On this page

Analyzing Nature Imagery in Tang Poetry Using LDA Thematic Modeling

By: Xiaoyi Dong 1
1China University of Petroleum (Beijing) Karamay, Karamay, Xinjiang, 834000, China

Abstract

In this study, a corpus selected from All Tang Poems was collected, and the information in the text about the study of this paper was extracted through data cleaning, de-duplication and other operations. The LDA topic model is used to classify the topics of Tang poems according to the topic words appearing in the poems. Combined with the TF-IDF algorithm, the probability distribution of natural imagery themes in Tang poems is calculated. By analyzing the emotional indexes of different natural imagery themes in Tang poems, the emotional characteristics embodied by the author in the poems are studied. In this paper, the LDA method is used to categorize the themes of Tang poems more accurately, and the theme words contained under each Tang poem theme are closely related. TF-IDF can be used to effectively determine the themes of Tang poems, such as the probability distributions of “natural imagery” and “wandering the world” in “The End of Spring”, which are 0.214 and 0.550, respectively.
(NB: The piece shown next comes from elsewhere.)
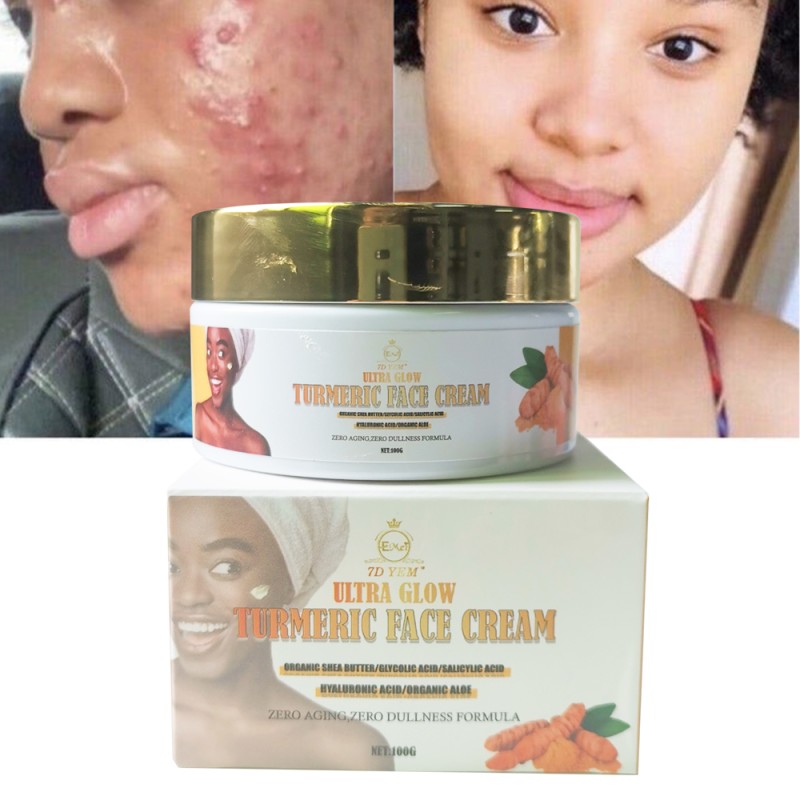 Face Cream Manufacturer - Turmeric Acne Dark Spot Remove Whitening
In Tang poetry, the theme of “natural imagery” had the lowest positive affective index of “cold rain” (0.17), and “pine and cypress” had the highest positive affective index of 0.83. In Tang poems, the high-frequency words related to the artistic conception of mountains are “moon”, “rain”, “smoke”, etc., which appear more than 15 times, which verifies the applicability of the LDA model in the text mining of Tang poems.